Records for this exercise:
_____
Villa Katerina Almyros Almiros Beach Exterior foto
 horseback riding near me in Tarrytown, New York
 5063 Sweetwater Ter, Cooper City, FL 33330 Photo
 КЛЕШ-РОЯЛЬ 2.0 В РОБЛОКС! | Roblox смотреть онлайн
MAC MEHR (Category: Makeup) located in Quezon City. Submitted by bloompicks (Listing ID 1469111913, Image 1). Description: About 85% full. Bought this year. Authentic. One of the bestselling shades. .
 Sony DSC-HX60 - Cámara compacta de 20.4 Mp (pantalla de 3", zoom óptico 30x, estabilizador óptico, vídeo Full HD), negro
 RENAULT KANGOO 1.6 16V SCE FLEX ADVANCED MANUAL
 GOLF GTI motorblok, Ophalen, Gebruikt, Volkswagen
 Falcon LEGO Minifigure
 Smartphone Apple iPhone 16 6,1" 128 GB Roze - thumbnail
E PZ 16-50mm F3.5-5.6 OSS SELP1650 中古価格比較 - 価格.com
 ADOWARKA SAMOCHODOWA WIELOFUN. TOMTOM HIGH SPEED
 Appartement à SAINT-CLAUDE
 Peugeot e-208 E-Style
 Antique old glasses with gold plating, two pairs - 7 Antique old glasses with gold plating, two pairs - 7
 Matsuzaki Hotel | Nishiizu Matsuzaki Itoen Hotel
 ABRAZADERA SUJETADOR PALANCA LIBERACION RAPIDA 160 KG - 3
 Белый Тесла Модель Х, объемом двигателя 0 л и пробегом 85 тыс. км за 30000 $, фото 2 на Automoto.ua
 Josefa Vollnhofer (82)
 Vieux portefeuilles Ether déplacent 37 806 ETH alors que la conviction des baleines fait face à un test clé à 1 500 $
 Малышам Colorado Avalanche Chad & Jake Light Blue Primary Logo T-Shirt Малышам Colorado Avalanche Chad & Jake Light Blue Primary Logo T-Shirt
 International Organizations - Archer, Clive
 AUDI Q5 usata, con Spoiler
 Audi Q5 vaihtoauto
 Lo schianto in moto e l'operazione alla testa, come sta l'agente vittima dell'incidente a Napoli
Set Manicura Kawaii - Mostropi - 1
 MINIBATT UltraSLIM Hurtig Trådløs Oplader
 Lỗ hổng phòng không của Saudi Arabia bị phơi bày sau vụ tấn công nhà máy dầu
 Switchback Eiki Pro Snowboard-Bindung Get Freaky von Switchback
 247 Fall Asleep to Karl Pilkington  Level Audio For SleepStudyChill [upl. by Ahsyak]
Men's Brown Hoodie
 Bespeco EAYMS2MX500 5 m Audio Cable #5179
_____
Work task: Write out each entry again, character for character.

Reply:
Villa Katerina Almyros Almiros Beach Exterior foto
 horseback riding near me in Tarrytown, New York
 5063 Sweetwater Ter, Cooper City, FL 33330 Photo
 КЛЕШ-РОЯЛЬ 2.0 В РОБЛОКС! | Roblox смотреть онлайн
MAC MEHR (Category: Makeup) located in Quezon City. Submitted by bloompicks (Listing ID 1469111913, Image 1). Description: About 85% full. Bought this year. Authentic. One of the bestselling shades. .
 Sony DSC-HX60 - Cámara compacta de 20.4 Mp (pantalla de 3", zoom óptico 30x, estabilizador óptico, vídeo Full HD), negro
 RENAULT KANGOO 1.6 16V SCE FLEX ADVANCED MANUAL
 GOLF GTI motorblok, Ophalen, Gebruikt, Volkswagen
 Falcon LEGO Minifigure
 Smartphone Apple iPhone 16 6,1" 128 GB Roze - thumbnail
E PZ 16-50mm F3.5-5.6 OSS SELP1650 中古価格比較 - 価格.com
 ADOWARKA SAMOCHODOWA WIELOFUN. TOMTOM HIGH SPEED
 Appartement à SAINT-CLAUDE
 Peugeot e-208 E-Style
 Antique old glasses with gold plating, two pairs - 7 Antique old glasses with gold plating, two pairs - 7
 Matsuzaki Hotel | Nishiizu Matsuzaki Itoen Hotel
 ABRAZADERA SUJETADOR PALANCA LIBERACION RAPIDA 160 KG - 3
 Белый Тесла Модель Х, объемом двигателя 0 л и пробегом 85 тыс. км за 30000 $, фото 2 на Automoto.ua
 Josefa Vollnhofer (82)
 Vieux portefeuilles Ether déplacent 37 806 ETH alors que la conviction des baleines fait face à un test clé à 1 500 $
 Малышам Colorado Avalanche Chad & Jake Light Blue Primary Logo T-Shirt Малышам Colorado Avalanche Chad & Jake Light Blue Primary Logo T-Shirt
 International Organizations - Archer, Clive
 AUDI Q5 usata, con Spoiler
 Audi Q5 vaihtoauto
 Lo schianto in moto e l'operazione alla testa, come sta l'agente vittima dell'incidente a Napoli
Set Manicura Kawaii - Mostropi - 1
 MINIBATT UltraSLIM Hurtig Trådløs Oplader
 Lỗ hổng phòng không của Saudi Arabia bị phơi bày sau vụ tấn công nhà máy dầu
 Switchback Eiki Pro Snowboard-Bindung Get Freaky von Switchback
 247 Fall Asleep to Karl Pilkington  Level Audio For SleepStudyChill [upl. by Ahsyak]
Men's Brown Hoodie
 Bespeco EAYMS2MX500 5 m Audio Cable #5179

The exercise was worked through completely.